Ganz ehrlich: Nimm einfach IDEA. Eclipse war mal Spitze, aber seit es hauptsächlich "Plattform" sein soll, ist es keine anständige IDE mehr.

Der Trend ist jedenfalls eindeutig: Das ist die beliebteste Java IDE 2012


----------



## Gonzo17 (19. Dez 2012)

Landei hat gesagt.:


> Ganz ehrlich: Nimm einfach IDEA. Eclipse war mal Spitze, aber seit es hauptsächlich "Plattform" sein soll, ist es keine anständige IDE mehr.
> 
> Der Trend ist jedenfalls eindeutig: Das ist die beliebteste Java IDE 2012



Der Trend zeigt hauptsächlich, dass IDEA deutlich zulegt und Netbeans deutlich abbaut. Der "Verlust" von Eclipse ist ja relativ gering, vor allem muss man das auch relativieren. 2009 waren es noch 2141 Teilnehmer, 2012 nur 1478 Teilnehmer.


----------



## Akeshihiro (20. Dez 2012)

Es ist doch vollkommen egal, welche IDE bei irgendwelchen Umfragen auf welchen Platz gevoted wird. Wichtig ist nur eines: man muss mit einer IDE vernünftig arbeiten können und da hat jeder ein völlig anderes Empfinden und auch völlig andere Anforderungen an eine IDE.


----------



## Landei (20. Dez 2012)

Natürlich ist die Umfrage alles andere als repräsentativ, aber der Trend ist schon recht deutlich.


----------



## Sym (20. Dez 2012)

Tomate_Salat hat gesagt.:


> 1) ist mir nicht ganz klar was du meinst
> 2) Geht bei Eclipse auch. Window->Show View->Other.... dort nach "Display" suchen und diesen View auswählen.


Danke.


Ullenboom hat gesagt.:


> Es gibt statt "Inplace find and replace" nur Strg+J für eine inkrementelle Suche, aber die ersetzt nicht.

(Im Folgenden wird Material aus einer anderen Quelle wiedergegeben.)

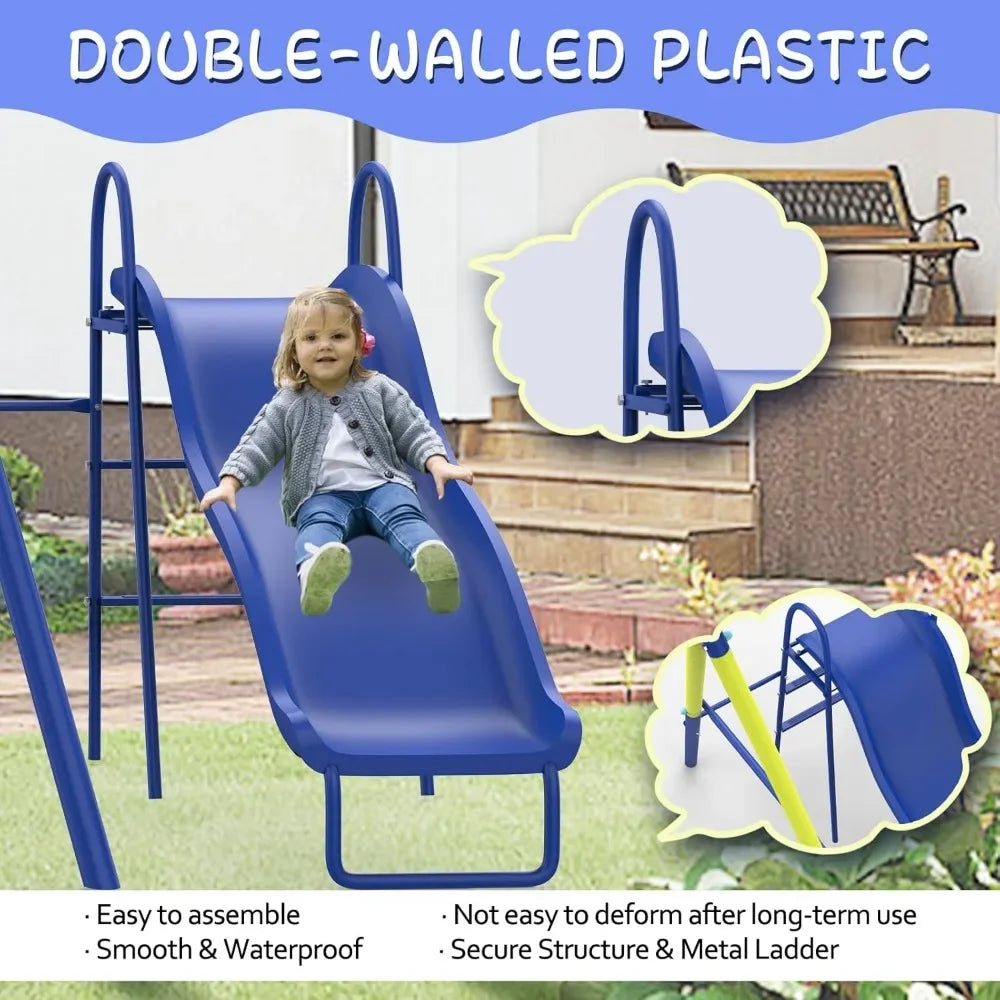 Backyard Swing Set 5 In 1 Outdoor Metal Kids Playset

Danke, das ist schon einmal eine Verbesserung, wenn auch nicht so dolle wie in IDEA.


Landei hat gesagt.:


> Ganz ehrlich: Nimm einfach IDEA. Eclipse war mal Spitze, aber seit es hauptsächlich "Plattform" sein soll, ist es keine anständige IDE mehr.
> 
> Der Trend ist jedenfalls eindeutig: Das ist die beliebteste Java IDE 2012


Für mich als Privatmensch liegt der Kostenpunkt bei 180 Euro + 90 im Jahr, wenn man die neuste Version jedes Jahr haben möchte.

Da muss ich ehrlich sagen, dass Eclipse bis auf die vermissten Features echt Bombe ist. Und die 4.3 M3 ist auch nicht mehr so langsam...


----------



## Landei (20. Dez 2012)

Mir reicht bisher die Community Edition. Ansonsten kannst du das Ding in den nächsten 20 oder so Stunden für 47€ kaufen, falls JetBrains endlich seine Server in Griff bekommt.

IntelliJ IDEA :: Licensing and Upgrade


----------



## Tomate_Salat (20. Dez 2012)

Landei hat gesagt.:


> falls JetBrains endlich seine Server in Griff bekommt.



Jaja, der liebe Weltuntergang ... und die Server von JetBrains scheinen schonmal voraus zu gehen  *scnr*


----------